Этот опыт «необыкновенных» дарований моих сохранился у меня. Как-то просматривал я его и раздумывал: что же такого необыкновенного показалось незабвенному Семену Николаевичу? Безошибочное правописание, так; складная речь, но и все. Между тем детски, пошло, мыслишки ходячие, общие места. Необыкновенно было среди других; но то их было несчастие или мое особенное счастие, что я уже наметался в письме, пропасть читал, а они лишены были этого; но это еще не дарование! Спрашивал я себя: какой отзыв я бы написал, когда бы по окончании академического курса пришлось мне сесть за профессорский стол по классу словесности и вместо заданного периода простого подан бы мне был новичком учеником именно этот самый «Разговор»? Правда, я этой темы бы и не дал ученикам для первого раза, а придумал бы более конкретную; но какой отзыв мною был бы дан? Затрудняюсь сказать; во всяком случае, похвала была преувеличенная.
Задан был и еще период на тему: «Полезно читать книги», и я снова написал Разговор, и снова получил отличное одобрение.
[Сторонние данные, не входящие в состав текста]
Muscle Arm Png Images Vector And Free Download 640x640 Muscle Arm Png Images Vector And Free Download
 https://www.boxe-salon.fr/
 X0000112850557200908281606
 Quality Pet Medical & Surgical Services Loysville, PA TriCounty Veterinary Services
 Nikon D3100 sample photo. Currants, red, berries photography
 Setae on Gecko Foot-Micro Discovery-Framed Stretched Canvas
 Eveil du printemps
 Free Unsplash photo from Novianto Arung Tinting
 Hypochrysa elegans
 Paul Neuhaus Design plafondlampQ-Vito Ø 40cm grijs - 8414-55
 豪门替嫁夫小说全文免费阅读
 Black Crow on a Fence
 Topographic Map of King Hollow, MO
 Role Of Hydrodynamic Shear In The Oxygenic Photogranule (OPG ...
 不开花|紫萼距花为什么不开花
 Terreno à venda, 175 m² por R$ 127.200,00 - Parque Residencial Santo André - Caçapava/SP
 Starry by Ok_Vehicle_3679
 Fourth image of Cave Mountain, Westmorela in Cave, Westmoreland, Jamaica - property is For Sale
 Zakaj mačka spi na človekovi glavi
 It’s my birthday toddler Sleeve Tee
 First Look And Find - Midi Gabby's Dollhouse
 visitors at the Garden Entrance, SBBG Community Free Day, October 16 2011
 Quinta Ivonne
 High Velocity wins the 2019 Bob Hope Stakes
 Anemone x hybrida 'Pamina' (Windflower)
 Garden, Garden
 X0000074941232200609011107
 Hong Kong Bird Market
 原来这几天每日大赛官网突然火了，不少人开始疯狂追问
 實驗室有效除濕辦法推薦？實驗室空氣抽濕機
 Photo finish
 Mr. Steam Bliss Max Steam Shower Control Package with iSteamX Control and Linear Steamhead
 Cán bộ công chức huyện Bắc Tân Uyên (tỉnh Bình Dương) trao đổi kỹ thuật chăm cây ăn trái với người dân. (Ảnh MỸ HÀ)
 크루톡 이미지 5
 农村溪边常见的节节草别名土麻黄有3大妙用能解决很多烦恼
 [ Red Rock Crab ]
Снова период, темы не помню: я пишу на нее Письмо. Идут своим чередом изустные экспромты, русские и латинские; в них я уже не мудрил, но отвечал, разумеется, безукоризненно. Так прошли недели две или три, едва ли больше, скорее менее, когда пришлось перенести испытание уже в другом смысле. Профессор захворал, а через несколько дней, едва ли даже неделя прошла, объявлено, что Семен Николаевич умер; нас приглашают на панихиду, а потом на похороны, ради которых и класса в этот день не будет. Большинство ребят, может быть, порадовалось даже такому неожиданному случаю вакации среди учебного времени. Но глубоко было мое горе: я поражен был едва ли даже меньше, нежели молодая оставшаяся вдова Орлова, не наслаждавшаяся и года супружеским счастием. Помню октябрьский день похорон: грязь и снег хлопьями; ни в дом, ни в церковь (Девяти Мучеников под Новинским, где покойный жил у тестя протоиерея) проникнуть нельзя; распорядительности не хватило облегчить ученикам доступ к прощанью. Унылый я возвратился к себе под Девичий, и душа попросила излить свои чувства. Если бы я владел стихом, то плодом моих чувств было бы стихотворение. Я написал письмо к вымышленному другу. Оно не сохранилось, но, вероятно, было не дурно, хотя зять мой, муж моей старшей сестры, прочитав чрез несколько месяцев это мое произведение, нашел, что оно не довольно пламенно. «Нет Агатона, нет моего друга! — продекламировал он из Карамзина. — Вот как следовало бы начать!» Замечание подействовало на меня неприятно, как профанация чувства, которое было искренно, свято, глубоко и не нуждалось в риторических прикрасах.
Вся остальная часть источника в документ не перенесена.